Typed properties on KratyApiError:

  • IsLobbyForming — 202 lobby_forming, poll the lobby
  • IsInsufficientEntryCost — 402, paid event the player can't afford
  • IsPlayerSecretInvalid — 401, secret missing or wrong
  • IsPlayerAlreadyRegistered — 409, retry with force: true in dev
  • IsEntryRequirementFailed — 403, ownership gate failed

Full code reference: Error codes.

Retries and idempotency

Every POST / PUT / PATCH is auto-stamped with an idempotencyKey (Guid.NewGuid() by default), preserved across retries — so a network reset between request-sent and response-received doesn't double-charge or double-grant. Tune via RetryConfig on KratyClientOptions:

new KratyClientOptions
{
    ApiKey = "...",
    Retry = new RetryConfig
    {
        Attempts = 5,
        InitialDelay = TimeSpan.FromMilliseconds(200),
        MaxDelay = TimeSpan.FromSeconds(10),
        Jitter = 0.25,
    },
}

Retries fire on 408 / 425 / 429 / 5xx and on HttpRequestException / network failures. Retry-After headers (used by the platform's 429 responses) are honored.

Telemetry

new KratyClientOptions
{
    ApiKey = "...",
    OnRequest = info =>
    {
        metrics.Timing($"kraty.{info.Url}", (long)info.Duration.TotalMilliseconds);
        if (!info.Ok) metrics.Increment($"kraty.error.{info.Status}");
    },
};

Fires once per HTTP attempt, including retries. Use the Attempt field to dedupe.

Resource reference

All player-scoped methods accept an optional @as: string to override the active player (server tooling only).

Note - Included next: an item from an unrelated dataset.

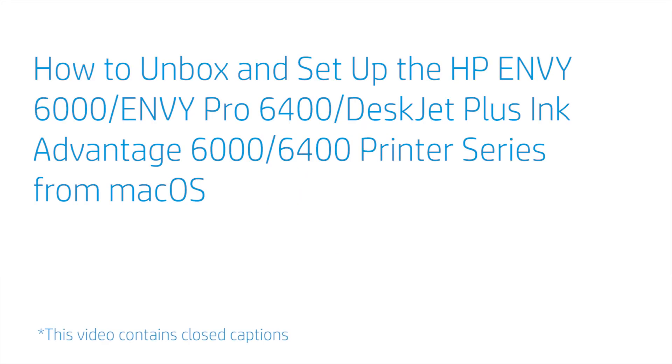How to Unbox and Set Up the HP Envy 6000, Envy Pro 6400, DeskJet Plus Ink Advantage 6000, 6400 Printer Series from Mac OS.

Omitting it resolves to the lazily-registered active player.

ClientMethods
kraty.EventsListForPlayerAsync(@as, ct), StartAsync(eventKey, playerContext, @as, ct), ProgressAsync(eventKey, attemptId, input, @as, ct)
kraty.LeaderboardsReadAsync(id, opts, ct), LiveAsync(id, ct)
kraty.GrantsListPendingAsync(limit, @as, ct), ClaimAsync(grantId, @as, ct), OpenAsync(grantId, @as, ct), CollectAllAsync(@as, ct)
kraty.InventoryListAsync(@as, ct), ConsumeAsync(itemKey, input, @as, ct)
kraty.WalletListAsync(@as, ct), DebitAsync(economyKey, input, @as, ct)
kraty.LobbiesReadAsync(lobbyId, ct)

Identity surface on Kraty:

  • ActiveExternalPlayerId — property, null until first resolve.
  • EnsureIdentityAsync(ct) — resolve up-front (rare).
  • SignInAsync(externalPlayerId, secret, ct) — install + persist a server-issued identity.
  • LogoutAsync(ct) — wipe the persisted identity.

Static helpers:

  • GrantPolling.PollPendingAsync(grants, opts, ct)
  • LobbyPolling.UntilActiveAsync(lobbies, lobbyId, opts, ct)

Testing outside Unity

The Runtime/ sources target .NET Standard 2.1, so the same code compiles + tests via plain dotnet:

dotnet build packages/sdk-unity/Kraty.SDK.csproj
dotnet test  packages/sdk-unity/Kraty.SDK.sln

The package ships an xUnit test suite (41 tests today) that drives the client against a fake HttpMessageHandler — useful as a worked example when you're building unit tests for your own integration.